A Life of Learning
Mx. Jacqueline Larriva was born and raised in Tucson, Arizona
and has long standing roots in the Tucson and University of
Arizona (U of A) communities. As a high school student, Jacqueline
worked for the Office of Minority Affairs (OMA) at the University
of Arizona College of Medicine. As a student employee they
worked closely with middle school, high school, college, and
medical students. It was their work at OMA that made them realize
that they wanted to pursue a career working with students to help
them achieve their goals, but they needed to complete their own
education in order to assist students.
In 2003 Jacqueline was admitted to the U of A and quickly became
involved in a new area of interest, research and scholarship. As an
undergraduate researcher Jacqueline applied and was accepted
into the Ronald E. McNair Achievement Program where they was
mentored by prominent faculty members in their field of interest.
In 2007 they received their bachelor’s degree from the Division of
Family Studies and Human Development and during their last semester at the U of A they were also accepted to various Ph.D. programs across the U.S. After graduating from the U of A, Jacqueline accepted an offer for the Ph.D. program at the University of Connecticut.
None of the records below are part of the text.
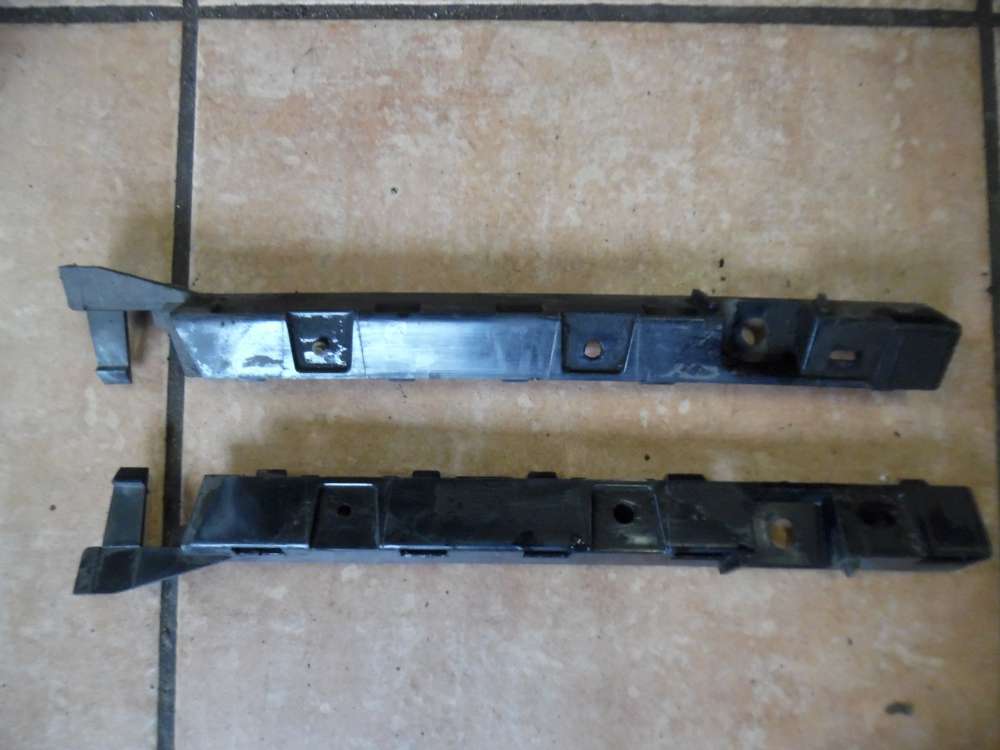 BMW 1er E87 Halter Träger für Stoßstange Vorne Re / Li 51.77-7118159-711160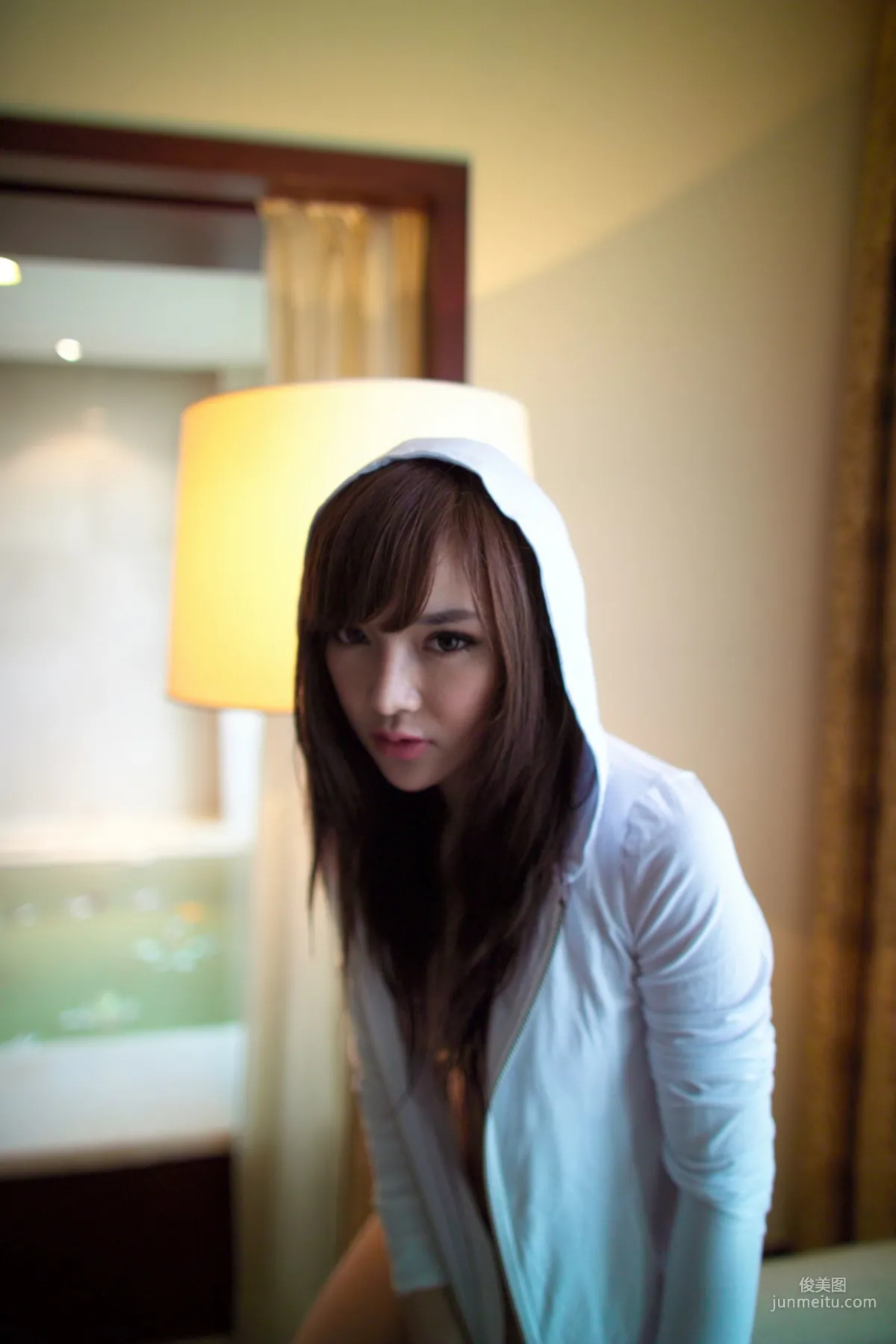Han Zixuan, Hotel Bathtub Private Shoot Set photo 94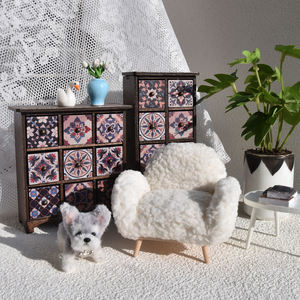 طقم غرفة معيشة مصغر رائع - أرائك زغبية ومصباح مزهر ووسائد لطيفة - Product Image 2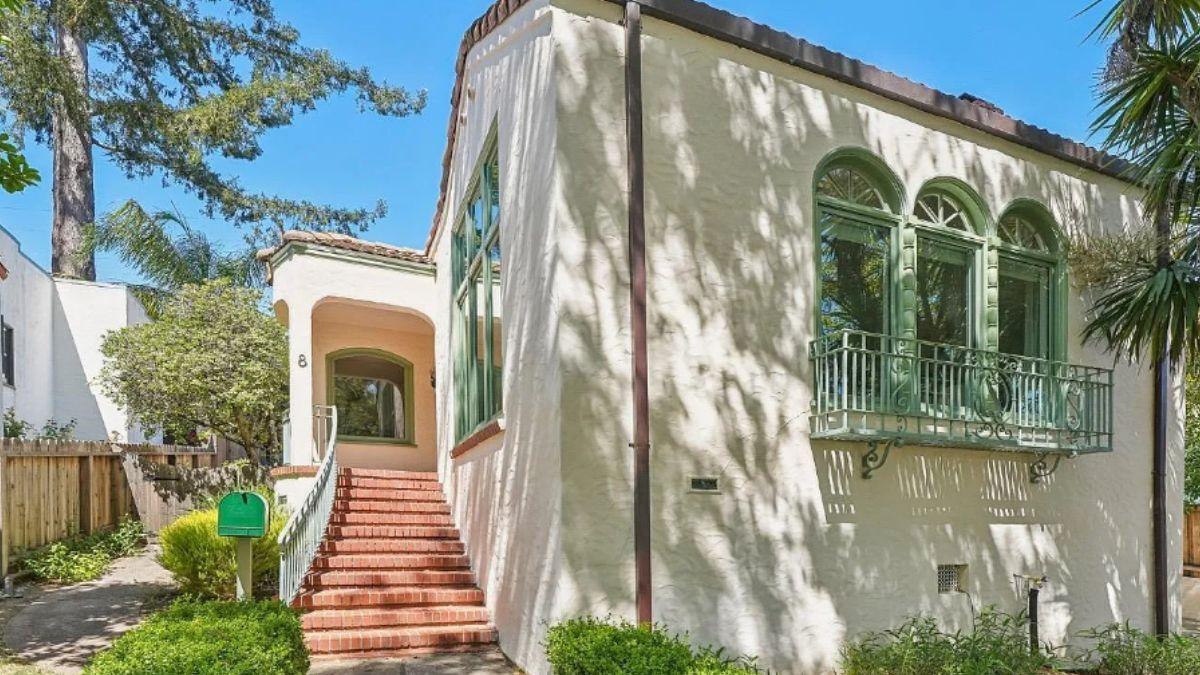 Wow, Look at Those Elegant Green Accents on This Mediterranean Gem
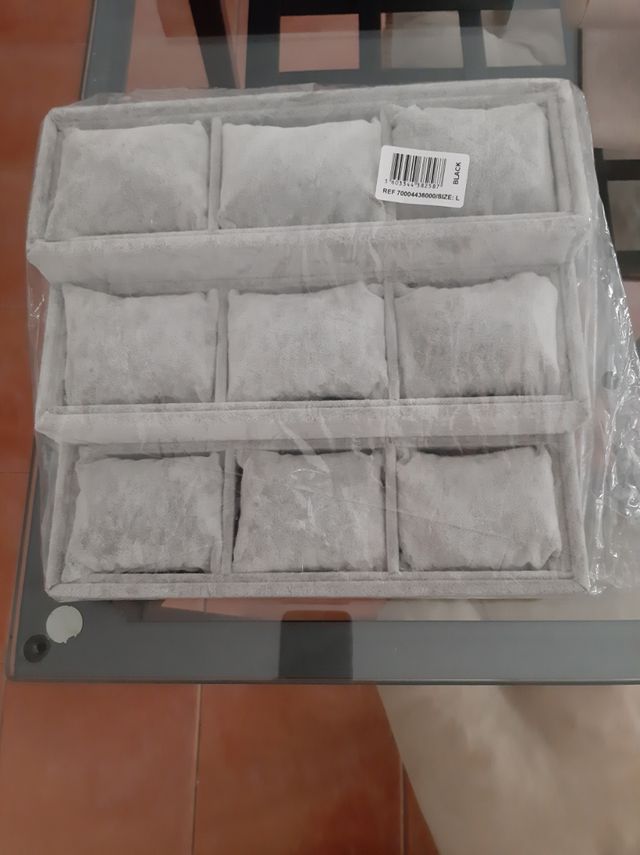 EXPOSITOR DE RELOJES, PULSERAS....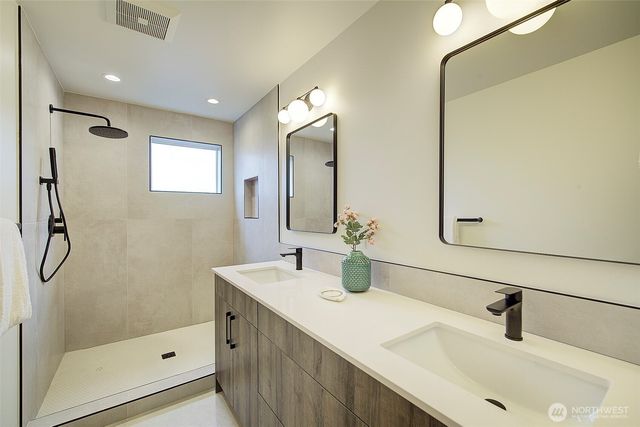 7912 34th Avenue SW, Seattle, WA 98126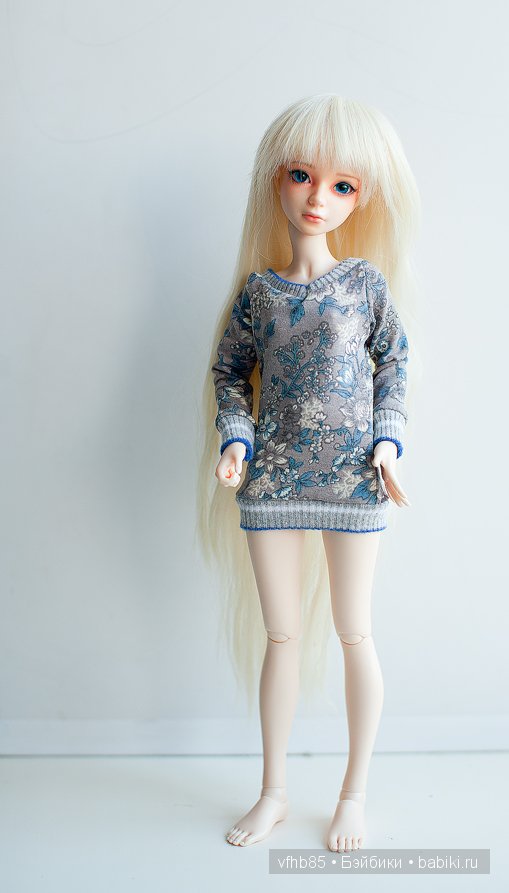 Попросила Хлою примерить одежку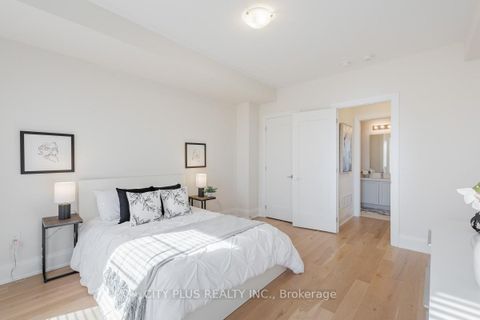 Photo 11 at 9398 Bayview Avenue, Observatory, Richmond Hill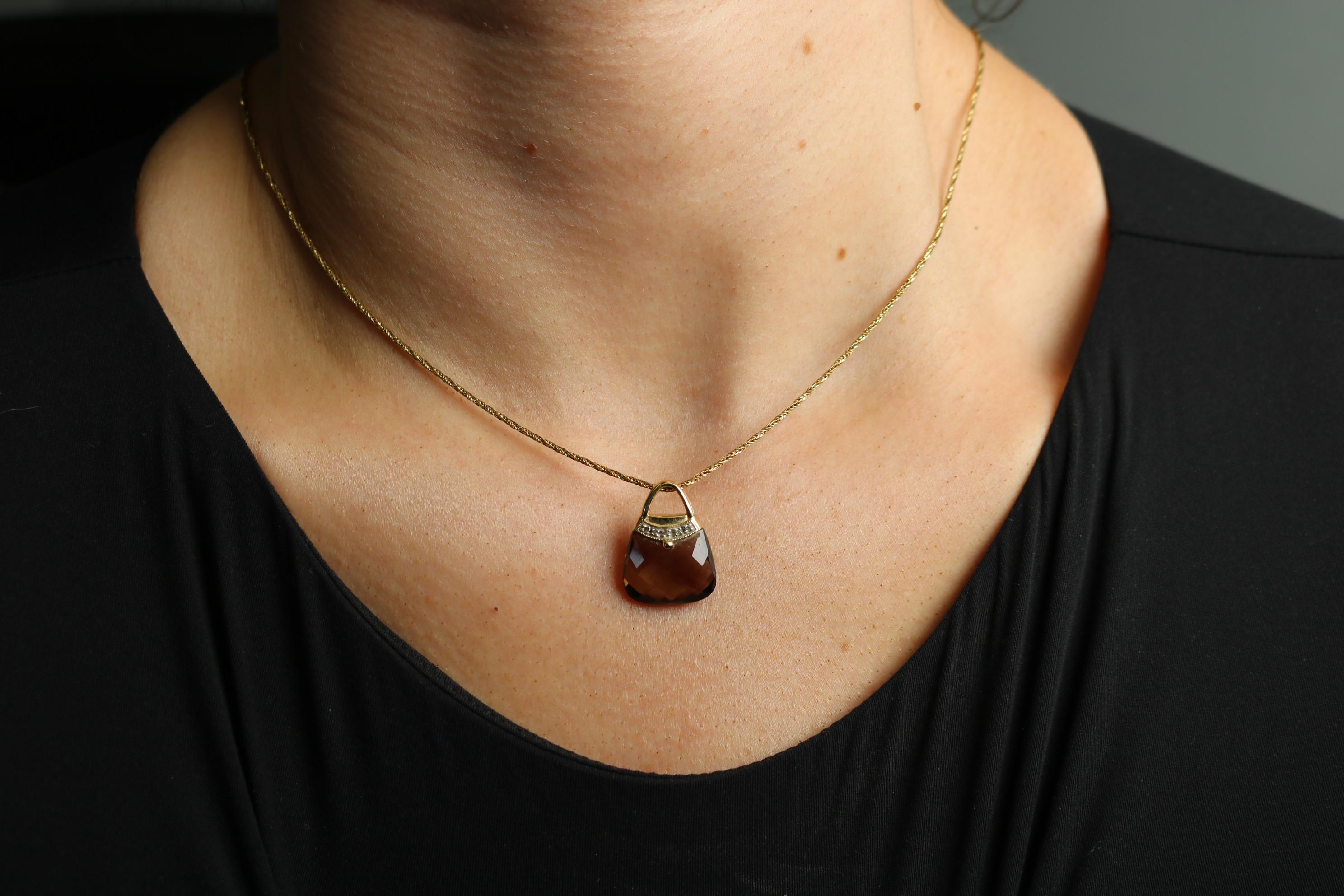 Moderne Pendentif de sac à main vintage en or jaune 14 carats et quartz fumé en vente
As a first year graduate student they wanted to explore the violence experienced by transgender youth however their research interests changed when they found few studies that looked at other aspects of transgender people’s lives. Their teaching and research foci are positioned from an intersectional feminist framework that examines multiple identities within the context of family of origin and gender expression.
For their Master’s research Jacqueline conducted a qualitative study that included self-identified transgender and queer people from around the U.S. The paper Sex, Love, and the Body: Exploring the sexual and romantic lives of transgender people, discusses transition, love, sex, and the body as shared by the study participants. As a result of their work they received their Master’s degree from the University of Connecticut in the Department of Family Studies and Human Development in 2011 as well as the Distinguished Student Research award from the University of Connecticut Rainbow Center.
While Jacqueline has a passion for research and scholarship they also have a passion for education, mentoring and working with students to achieve their goals. They feel that working with students in student services and teaching courses will allow them to reach a larger group of students and assist them in creating change on the University of Arizona campus and in their local communities.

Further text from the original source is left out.